When night came on, the Hellenes had to encamp in the snow. Those who first reached the camping place found plenty of food, and soon had some big fires burning, around which the stragglers were glad enough to press as soon as they arrived; but the firstcomers would only make room for them on condition of their giving them some of their bread, or anything else that they might have to eat, for food was now getting scarce. As the snow melted beneath the fires, the soldiers could measure its depth, and they found that it was no less than six feet.
All the next day, the Hellenes had to plow their way through this terrible snow, and many became so faint and ill that they threw themselves down upon the ground, unable to move. When Xenophon, with the rearguard, came up to the place and saw them lying there in such misery, he asked his men if there was nothing that could be done for them. One of the older soldiers answered that the poor fellows were merely suffering from exhaustion caused by fatigue and want of food, and that, if they could get something to eat, they would be able to march on again. Xenophon went himself to the transport to get what he could for them, and, when the sick soldiers had taken some food, they revived and were able to keep up with their comrades.
In the evening, Cheirisophus and the van reached a village which had a wall around it and a gate that could be shut at night. When they arrived, they found some women and children drawing water at a well outside the village, who asked Cheirisophus where he came from. He answered that he was on his way from the king to the satrap, and they told him that the satrap was not in the village, but at a place about four miles off. The women then went home, and the Hellenes of the van went with them through the gate and took up their quarters in the village for the night.

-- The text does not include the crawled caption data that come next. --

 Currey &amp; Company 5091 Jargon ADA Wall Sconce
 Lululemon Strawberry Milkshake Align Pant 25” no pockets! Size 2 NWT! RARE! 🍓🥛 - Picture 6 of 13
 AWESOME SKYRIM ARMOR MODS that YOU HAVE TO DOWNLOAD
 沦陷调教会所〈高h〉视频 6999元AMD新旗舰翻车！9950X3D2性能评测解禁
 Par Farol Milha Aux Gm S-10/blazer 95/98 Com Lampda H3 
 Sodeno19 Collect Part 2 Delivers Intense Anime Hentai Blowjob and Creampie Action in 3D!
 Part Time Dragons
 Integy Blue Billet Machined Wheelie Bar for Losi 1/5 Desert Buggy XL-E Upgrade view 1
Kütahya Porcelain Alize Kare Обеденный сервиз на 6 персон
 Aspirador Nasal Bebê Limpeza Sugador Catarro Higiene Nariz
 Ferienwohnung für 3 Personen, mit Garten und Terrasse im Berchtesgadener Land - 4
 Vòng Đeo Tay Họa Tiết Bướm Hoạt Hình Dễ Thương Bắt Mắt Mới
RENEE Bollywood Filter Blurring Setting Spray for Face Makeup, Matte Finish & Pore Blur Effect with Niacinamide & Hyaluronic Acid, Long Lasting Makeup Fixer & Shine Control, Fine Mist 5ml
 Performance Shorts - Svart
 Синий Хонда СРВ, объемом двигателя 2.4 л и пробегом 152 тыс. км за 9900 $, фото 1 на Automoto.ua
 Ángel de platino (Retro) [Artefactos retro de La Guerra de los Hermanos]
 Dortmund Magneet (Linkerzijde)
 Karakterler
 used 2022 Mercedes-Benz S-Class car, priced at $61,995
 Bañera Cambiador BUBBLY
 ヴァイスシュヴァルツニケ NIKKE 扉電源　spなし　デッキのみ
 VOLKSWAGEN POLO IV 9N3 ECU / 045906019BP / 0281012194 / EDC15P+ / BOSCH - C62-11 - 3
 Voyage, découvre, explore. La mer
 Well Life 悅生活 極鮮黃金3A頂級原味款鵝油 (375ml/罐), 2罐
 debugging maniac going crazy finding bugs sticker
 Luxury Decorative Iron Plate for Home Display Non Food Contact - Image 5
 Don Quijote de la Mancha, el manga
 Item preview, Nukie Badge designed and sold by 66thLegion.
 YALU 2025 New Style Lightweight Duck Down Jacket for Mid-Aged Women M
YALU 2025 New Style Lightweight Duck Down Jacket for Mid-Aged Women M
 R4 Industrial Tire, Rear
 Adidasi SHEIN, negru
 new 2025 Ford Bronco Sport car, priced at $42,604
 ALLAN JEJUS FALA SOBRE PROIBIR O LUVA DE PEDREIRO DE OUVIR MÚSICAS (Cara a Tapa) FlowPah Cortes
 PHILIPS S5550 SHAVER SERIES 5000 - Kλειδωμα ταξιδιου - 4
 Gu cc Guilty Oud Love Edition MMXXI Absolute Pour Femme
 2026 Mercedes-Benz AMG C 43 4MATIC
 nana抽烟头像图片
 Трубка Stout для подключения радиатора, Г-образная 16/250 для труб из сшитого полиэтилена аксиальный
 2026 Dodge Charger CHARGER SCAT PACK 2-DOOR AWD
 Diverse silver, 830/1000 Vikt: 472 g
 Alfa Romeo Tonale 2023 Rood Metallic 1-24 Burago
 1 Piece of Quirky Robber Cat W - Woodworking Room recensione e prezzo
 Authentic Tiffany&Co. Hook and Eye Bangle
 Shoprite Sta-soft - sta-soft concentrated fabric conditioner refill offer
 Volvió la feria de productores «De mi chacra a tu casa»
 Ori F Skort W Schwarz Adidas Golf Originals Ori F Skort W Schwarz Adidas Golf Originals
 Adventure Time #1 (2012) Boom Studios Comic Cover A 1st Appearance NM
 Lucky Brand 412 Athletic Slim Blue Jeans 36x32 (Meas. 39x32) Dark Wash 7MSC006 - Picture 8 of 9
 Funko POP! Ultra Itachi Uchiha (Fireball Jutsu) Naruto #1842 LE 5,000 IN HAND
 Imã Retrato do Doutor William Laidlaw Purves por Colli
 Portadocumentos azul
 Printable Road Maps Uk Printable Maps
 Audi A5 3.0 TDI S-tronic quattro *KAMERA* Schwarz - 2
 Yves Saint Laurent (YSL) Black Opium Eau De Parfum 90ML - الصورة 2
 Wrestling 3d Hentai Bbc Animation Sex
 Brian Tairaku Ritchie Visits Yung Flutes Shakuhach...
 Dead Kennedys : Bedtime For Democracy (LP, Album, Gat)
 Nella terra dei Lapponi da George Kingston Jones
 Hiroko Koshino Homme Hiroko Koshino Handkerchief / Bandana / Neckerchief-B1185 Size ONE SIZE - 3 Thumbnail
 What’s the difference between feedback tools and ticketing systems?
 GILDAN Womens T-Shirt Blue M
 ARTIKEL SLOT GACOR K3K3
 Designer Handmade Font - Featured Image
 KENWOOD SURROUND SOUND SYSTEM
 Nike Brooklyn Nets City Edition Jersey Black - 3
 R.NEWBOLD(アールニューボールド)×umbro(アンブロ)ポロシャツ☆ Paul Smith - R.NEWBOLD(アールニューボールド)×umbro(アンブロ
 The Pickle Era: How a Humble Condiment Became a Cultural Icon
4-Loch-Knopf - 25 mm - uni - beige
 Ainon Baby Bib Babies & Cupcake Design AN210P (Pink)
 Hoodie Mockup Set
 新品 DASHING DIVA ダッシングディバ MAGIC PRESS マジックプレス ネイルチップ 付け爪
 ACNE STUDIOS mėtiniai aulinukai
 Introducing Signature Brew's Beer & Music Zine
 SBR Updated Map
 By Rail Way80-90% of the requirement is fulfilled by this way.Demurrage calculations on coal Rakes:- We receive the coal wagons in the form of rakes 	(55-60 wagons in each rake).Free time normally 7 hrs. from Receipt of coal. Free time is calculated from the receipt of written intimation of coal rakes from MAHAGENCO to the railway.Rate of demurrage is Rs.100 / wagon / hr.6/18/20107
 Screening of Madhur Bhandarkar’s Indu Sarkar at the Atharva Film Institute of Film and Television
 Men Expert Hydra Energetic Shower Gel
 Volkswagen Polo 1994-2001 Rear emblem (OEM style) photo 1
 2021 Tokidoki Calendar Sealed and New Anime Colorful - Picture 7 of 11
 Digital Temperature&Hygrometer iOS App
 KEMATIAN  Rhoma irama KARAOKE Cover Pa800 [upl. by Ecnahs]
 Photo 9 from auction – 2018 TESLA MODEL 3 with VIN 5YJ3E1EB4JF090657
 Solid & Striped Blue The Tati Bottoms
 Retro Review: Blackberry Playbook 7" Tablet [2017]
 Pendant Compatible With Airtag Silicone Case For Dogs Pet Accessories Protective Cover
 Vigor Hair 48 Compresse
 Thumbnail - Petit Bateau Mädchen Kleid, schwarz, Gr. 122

But the other soldiers, who were a long way behind, had to spend the night in the open air with little or nothing to eat, and several of them died of cold and hunger. When, on the next day, they continued their march, some of those who had suffered most discovered a sheltered place where there was a warm spring that had not been frozen over nor covered up with snow. In a moment they threw themselves upon the warm black earth around the spring, and there they lay enjoying the hot steam that rose from it, when Xenophon, who always brought up the rear, came to the place and found them there. He told the men that they must not linger, as the enemy were close behind; and finding that mild words were of no avail, he spoke more and more sharply and even beat some of them. But the men would not move. They said that, if they must be killed, they were ready to die, but they could not go a step further.
Meanwhile, the Persians were coming nearer and nearer. They had not failed to profit by the distress of the Hellenes and had captured the fallen baggage animals, who had been left lying in the snow. Now they were disputing over their prize with great clamor, as they approached the spring.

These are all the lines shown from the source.